Village in Dorset, England

Toller Porcorum (/pɔːrˈkɔːrəm/) is a village and civil parish in Dorset, England, situated in the Toller valley 10 mi northwest of Dorchester. In the 2011 census the civil parish—which also includes the small settlements of Higher and Lower Kingcombe to the north—had a population of 307.

== Population ==
A rural and slowly growing area with a population of 307, Toller Porcorum is a village of approximately 160 households.

== History ==
Like the other Toller villages of Toller Fratrum and Toller Whelme, the name was taken from the river, which is now known as the Hooke. The addition Porcorum means of the pigs in Latin; the village was in the past sometimes known as Swines Toller, but more often as Great Toller.

Toller Porcorum is also an ancient Anglican ecclesiastical parish. The church is dedicated to Saints Peter and Andrew and is remarkable for the "drooping chancel".
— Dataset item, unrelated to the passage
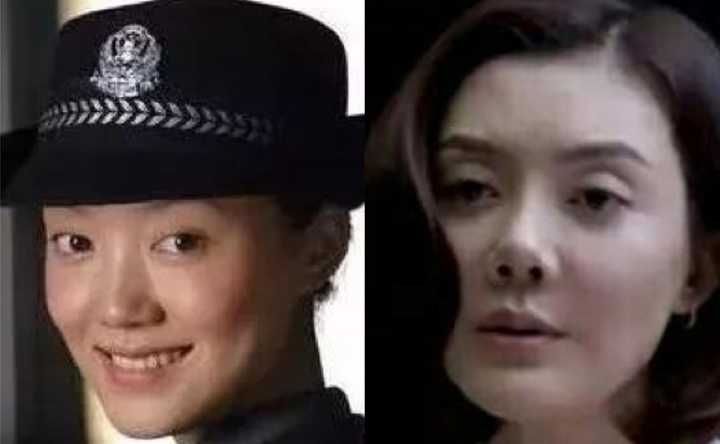 比如沈梦辰,车晓的"朝天鼻" l型假体产生包膜挛缩,鼻子张力不够,导致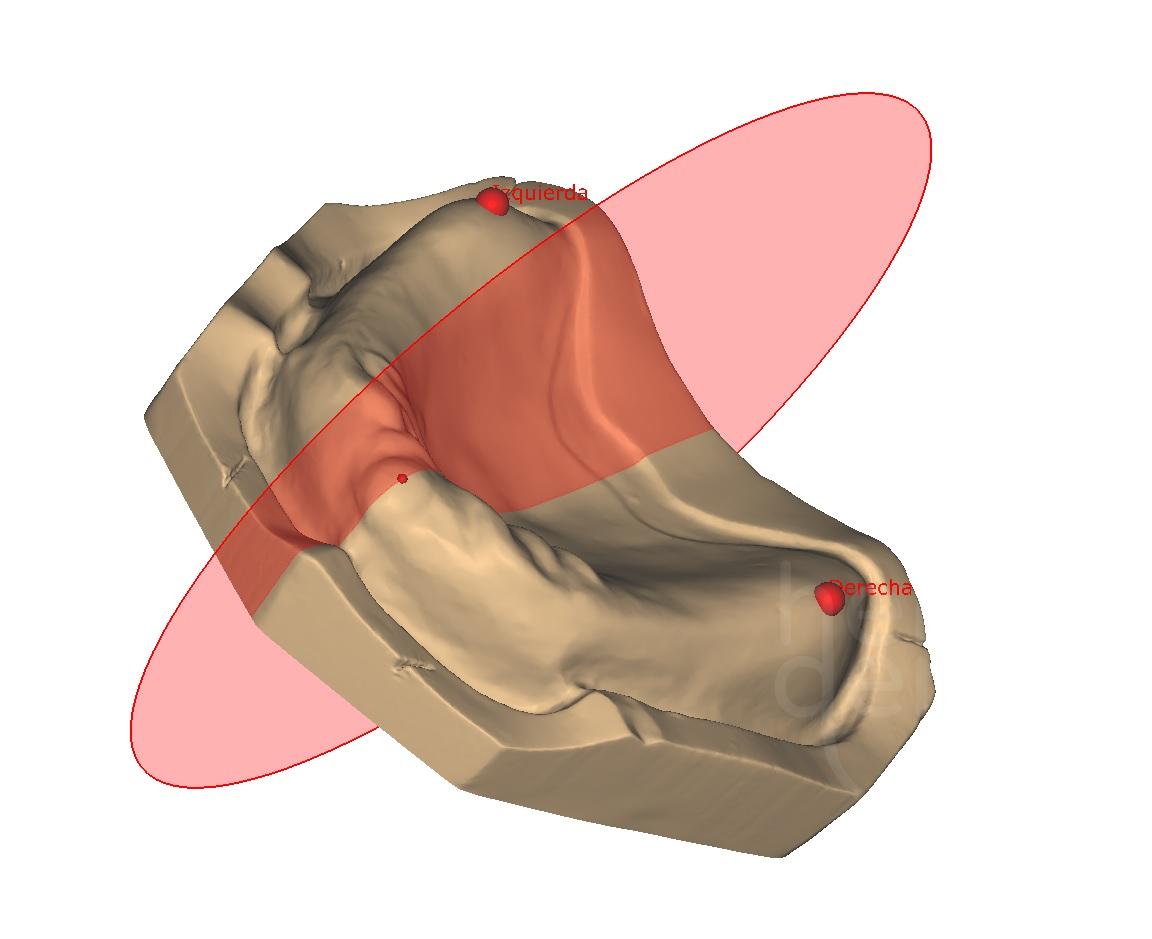 PRÓTESIS COMPLETAS EN CAD-CAM – HelloDent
From 1862 to 1975, the village had a railway station on the Bridport Railway.

== The Old Swan ==
The village pub, The Old Swan, was closed by the brewery in 1999 and has since been converted into a private dwelling. Skittles was played there.

== Notable people ==
Despite its small size the village has been home to a number of notable people. George of Clarence was at one point the owner of the majority of the village.